Me refiero a que, muchas veces, contar lo que es un asesino o cómo han secuestrado a alguien es un acto sin aspavientos. Es contarlo de una manera cotidiana, contar lo extraordinario sin dejar de contar lo infraordinario. Porque el periodismo se trata de narrar realidades, no de construir marcianos. Y a veces escribimos cosas inverosímiles que ponen a un asesino como alguien que mata todo el rato y a una víctima como una blanca paloma. Eso se consigue con tiempo, considerando que es un trabajo intelectual, no de estar en el sitio y la hora adecuada: eso es para los pizzeros o los taxistas.
Dice que hay que relativizar la mirada. ¿Es eso tomar perspectiva o contextualizar?
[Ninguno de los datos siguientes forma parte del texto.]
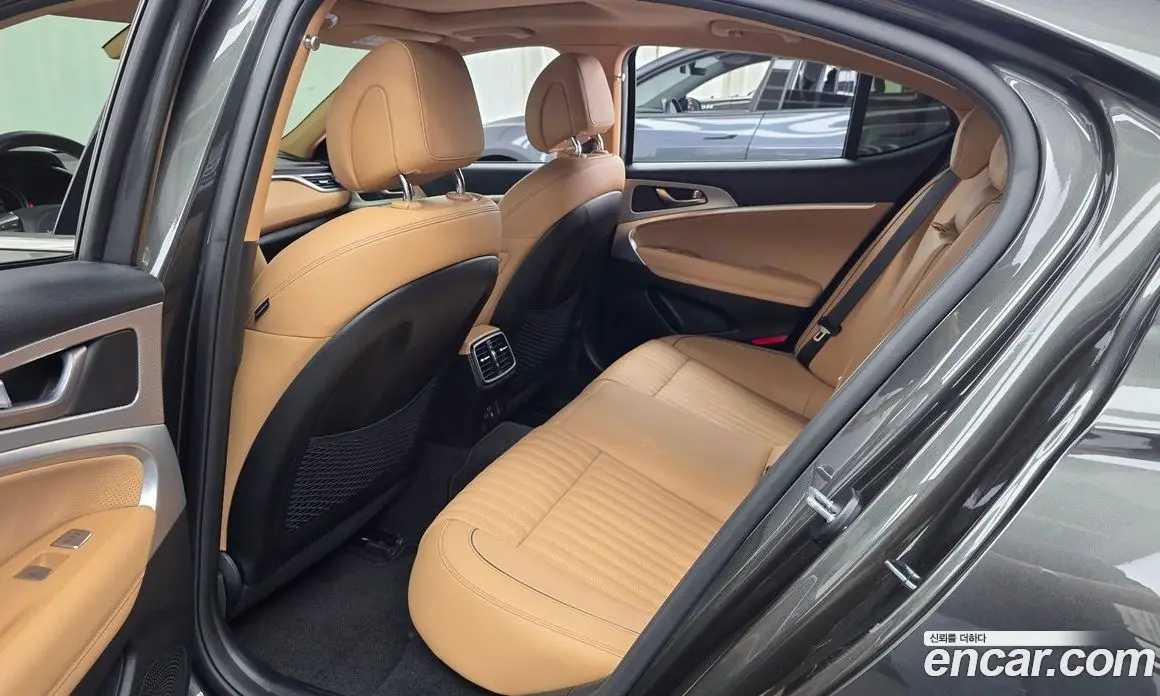 Genesis G70 2023 2.0 автомат (гидро), фото 16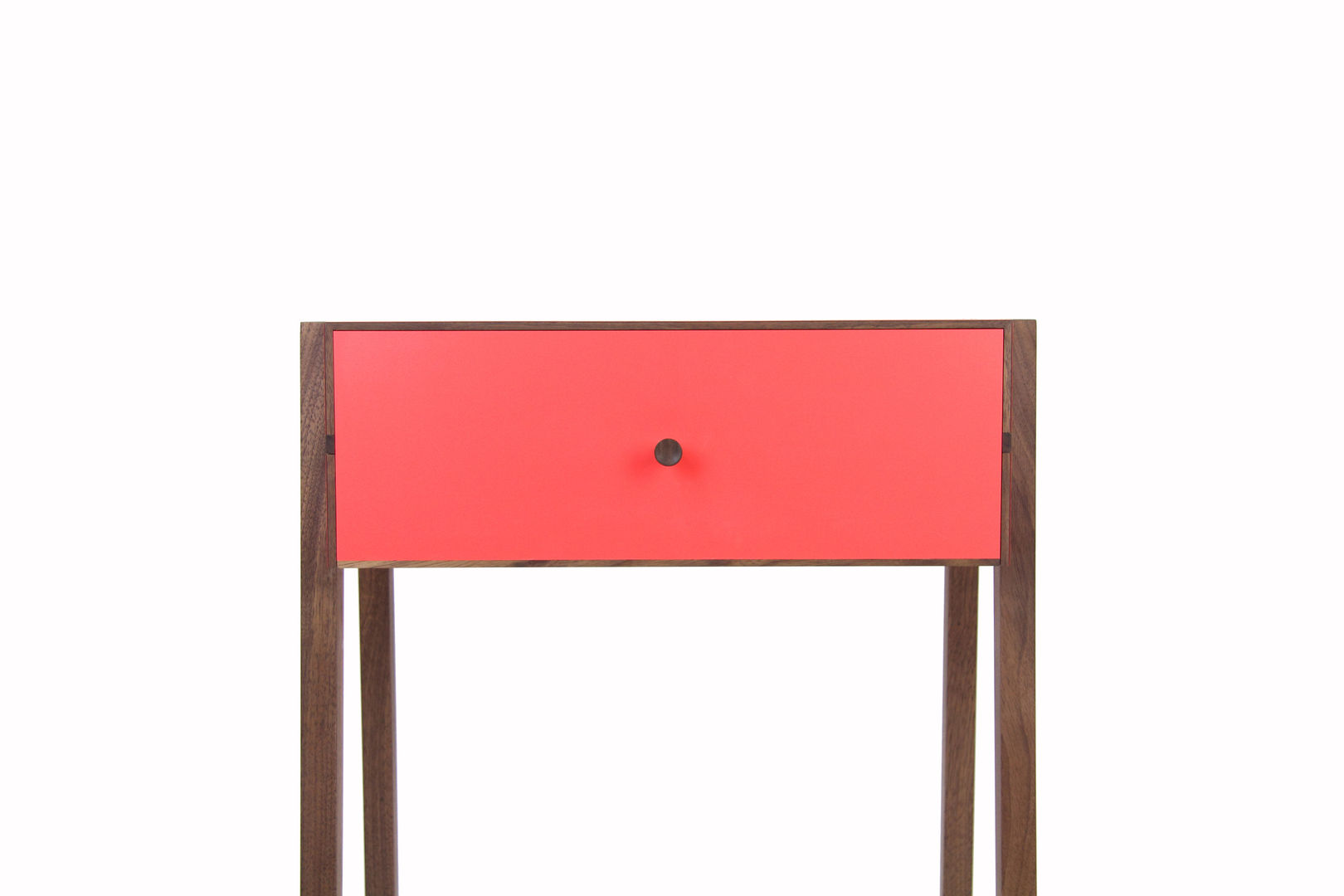 Animate Bedside Table in Red Formica and Walnut Young & Norgate Dormitorios modernos: Ideas, imágenes y decoración Mesitas de luz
Es un poco utópico, pero se trata de acercarse a un tema sin prejuicios, sin apriorismos. De despojarte lo más posible de tus juicios previos. Como pensar que alguien es malo o que un narcotraficante lo es solo porque le gusta la vida fácil. Esa persona ha sido víctima. Quitarse prejuicios de tu clase, de tu raza. Poder ver con las herramientas que te otorga el entorno, conocer la historia y los antecedentes antes de sacar conclusiones. Poner por delante la investigación de las conclusiones. Suena muy absurdo, pero muchas veces no se hace. Y repito: es muy utópico.
¿Hay periodismo sin emoción? ¿No valen los cínicos?
Sin duda: no puedes acercarte como un blanco conejo a ciertas cosas. En ocasiones tienes que ser muy directo, muy procaz, pero no cínico. Yo no trabajo de salvar vidas, sino de contar historias, y a veces lo tienen que saber, pero no sé si cínico es el adjetivo, porque hay que tener también descaro hasta para decirle a un gobernante que robó y tienes las pruebas. Intento desmenuzar la palabra, porque creo que se contrapone con un buenismo que no es lo opuesto.
En relación a los que denomina «safaris periodísticos», se mezclan dos sentimientos: son un poco sensacionalistas, pero sirven para exponer una realidad a menudo desconocida. ¿Son necesarios, aunque se queden en la superficie?
No son necesarios. Hay ejemplos, como la foto de Kevin Carter y el niño con el cuervo, que no son de amarillismo. Es la representación de un grupo de gente que está sufriendo eso. Por eso es memorable. Lo que es amarillismo es mostrarlo sin saber para qué, solo como una experiencia visual, sin sentido. No creo que ni al periodista ni a los lectores les traiga alguna ventaja.
¿Cómo se sabe cuándo parar?
Mi conclusión, aunque tengo pocas nociones, es que lo tienes que hacer cuando ya eres incapaz de encontrar. Cuando estás tan saturado que no eres capaz de renovar la mirada, de ver desde una óptica diferente. Estoy seguro de que hay muchas más respuestas, pero no las he descubierto.
Concluye con el papel del periodismo, que ha de ser «útil». ¿Es un oxímoron?
Es útil, sin ninguna duda. La cuestión es si lo es desde una forma romántica o de la forma que quisiéramos. El periodismo no cambia la realidad. ¿Por qué? Porque las sociedades en las que vivimos son impunes, violentas, y el periodismo no cambia las cosas que bailan a un ritmo diferente. Pero sí lo hace a un ritmo que he aprendido a detectar. Y me sirve eso. No lo hago por deporte.